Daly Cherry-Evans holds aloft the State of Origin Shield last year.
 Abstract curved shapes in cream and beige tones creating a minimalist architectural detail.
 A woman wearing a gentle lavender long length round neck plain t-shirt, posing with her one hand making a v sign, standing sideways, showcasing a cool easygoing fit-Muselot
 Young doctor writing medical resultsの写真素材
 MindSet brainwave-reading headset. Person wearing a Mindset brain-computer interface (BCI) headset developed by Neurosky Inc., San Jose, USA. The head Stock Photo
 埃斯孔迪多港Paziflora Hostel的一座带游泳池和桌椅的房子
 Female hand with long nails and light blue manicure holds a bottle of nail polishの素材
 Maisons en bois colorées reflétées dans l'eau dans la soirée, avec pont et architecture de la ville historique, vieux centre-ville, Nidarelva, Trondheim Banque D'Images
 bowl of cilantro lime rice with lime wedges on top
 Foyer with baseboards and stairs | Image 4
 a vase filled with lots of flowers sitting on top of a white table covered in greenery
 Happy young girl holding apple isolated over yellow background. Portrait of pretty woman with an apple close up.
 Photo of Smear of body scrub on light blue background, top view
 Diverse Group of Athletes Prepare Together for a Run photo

### Exercise
Repeat exactly the lines of the listing above, from the one with "MindSet brainwave-reading headset." down to the one with "Female hand with"; both of those lines belong in the range.

### Exercise output
 MindSet brainwave-reading headset. Person wearing a Mindset brain-computer interface (BCI) headset developed by Neurosky Inc., San Jose, USA. The head Stock Photo
 埃斯孔迪多港Paziflora Hostel的一座带游泳池和桌椅的房子
 Female hand with long nails and light blue manicure holds a bottle of nail polishの素材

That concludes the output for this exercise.